Ein Friedensdorf für Christen und Muslime
Seit Beginn dieses Jahres haben die Konflikte in Nigeria etwa 2000 neue Todesopfer gefordert. Rund zwei Millionen Menschen sind auf der Flucht. Seit bald zehn Jahren terrorisiert die jihadistische Miliz Boko Haram die Bevölkerung im Norden Nigerias. Die Entführung der 276 Schülerinnen in Chibok im Jahr 2014 machte den Konflikt auf der ganzen Welt bekannt.
Ausbildung und Trauma-Arbeit
Heute schwelen neue Unruhen. Immer häufiger kommt es zu Auseinandersetzungen zwischen sesshaften christlichen Bauern und muslimischen Nomaden mit ihren Herden. «Früher hat zwischen den beiden Bevölkerungsgruppen ein Geben und Nehmen geherrscht», sagt Detlef Lienau vom Basler Hilfswerk Mission 21 am Begegnungstag in Neuhausen Rheinfall. Durch den Klimawandel seien die Regenzeiten kürzer geworden, was den Druck auf das Land verstärke. «Der Streit um Weideflächen führt ganz schnell zu erneuten Religionskonflikten», so Lienau.

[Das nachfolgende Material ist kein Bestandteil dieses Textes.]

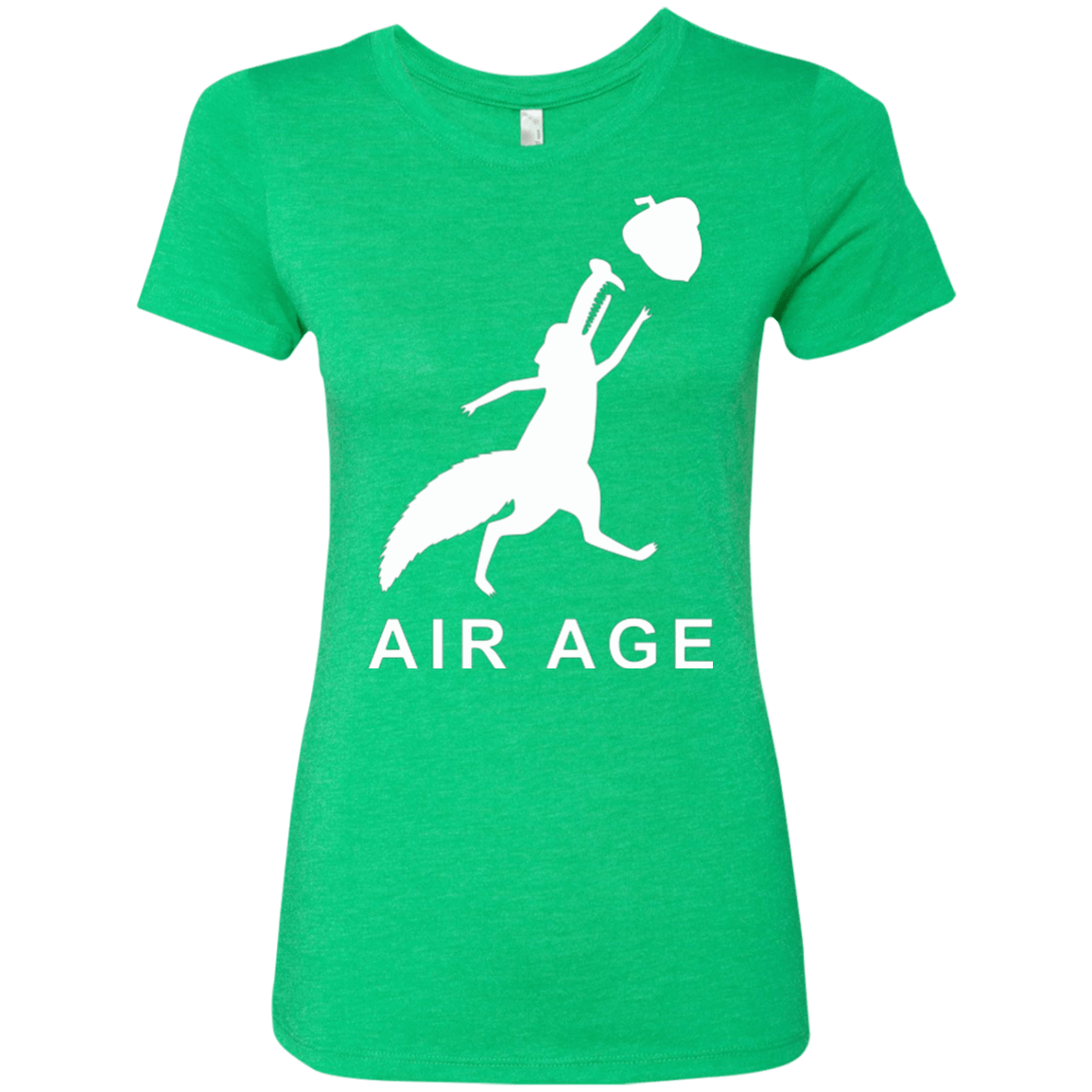 T-Shirts Envy / Small Air Nut Women's Triblend T-Shirt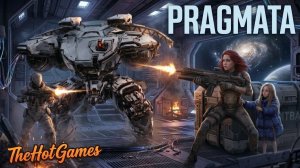 ОПЯТЬ ОН ► PRAGMATA прохождение #5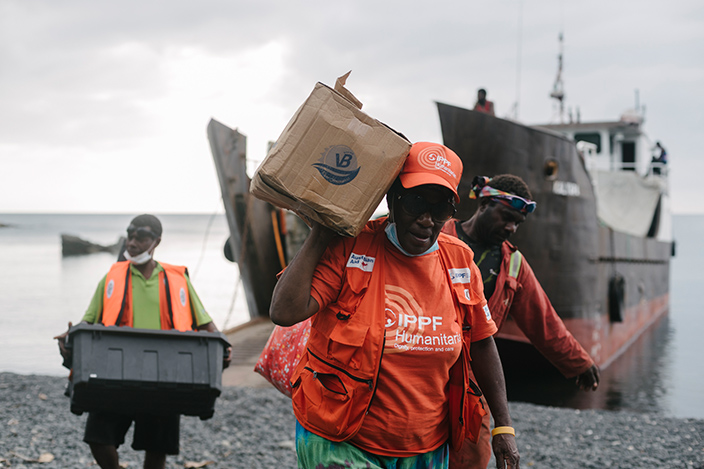 Vanuatu - IPPF/Alana Holmberg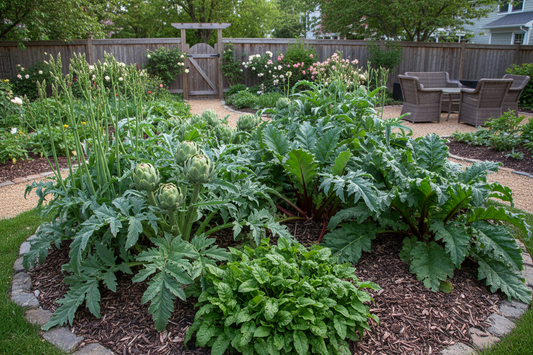 Perennial Vegetables for Every Garden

Doch mitten in den Unruhen existiert ein Ort des Friedens: Das Gurku Village, ein Dorf, wo Christen und Muslime zusammenleben. Der Nigerianer Markus Gamache hat es gegründet. Er hat den Religionskonflikt am eigenen Leib erfahren. Sein Vater war zum Islam konvertiert und warf den Sohn aus dem Haus, weil er Christ sein wollte. «Damals war ich etwa 15 Jahre alt. Mein Vater weigerte sich, mit mir aus der gleichen Schüssel zu essen», erzählt der 50-jährige Betriebswirt. Doch es gab auch viele muslimische Brüder und Schwestern, die ihm mehr Liebe gezeigt hätten als manche Christen. Dies habe ihn sosehr berührt, dass er Christen und Muslime zusammenbringen wollte, um eine Atmosphäre zu schaffen, in der sie gemeinsam handeln können. «Man kann den Frieden nicht herbeireden, man muss ihn leben», so Gamache.
Mission 21 unterstützt zusammen mit ihrer nigerianischen Partnerkirche, der Kirche der Geschwister, Gamaches Engagement. Seine Organisation ermöglicht jungen Christen und Muslimen eine Ausbildung. Daneben bietet er interreligiöse Workshops zur Trauma-Verarbeitung an. Denn die schrecklichen Erlebnisse verfolgen viele der Überlebenden jahrelang. So auch Yohana Zidiko, ein 34-jähriger Familienvater: «Mein Leben war geprägt von Wut, Angst und Sorge, bis ich hier in Gurku einen Trauma-Workshop besuchte. Dort erfuhr ich, was ein Trauma ist, wie es dich beeinträchtigt, und dass es dich nur loslässt, wenn du lernst, zu vergeben», sagt er.
Wie Yohana Zidiko leben 1200 Menschen in Gurku Village. Es gibt eine Klinik, eine Kirche, eine Moschee und eine Schule. Die muslimischen und christlichen Kinder «lernen, spielen, springen und singen miteinander». Das Spendengeld, das Mission 21 mit ihrer Kampagne sammelt, unterstützt die Friedensarbeit in Nigeria.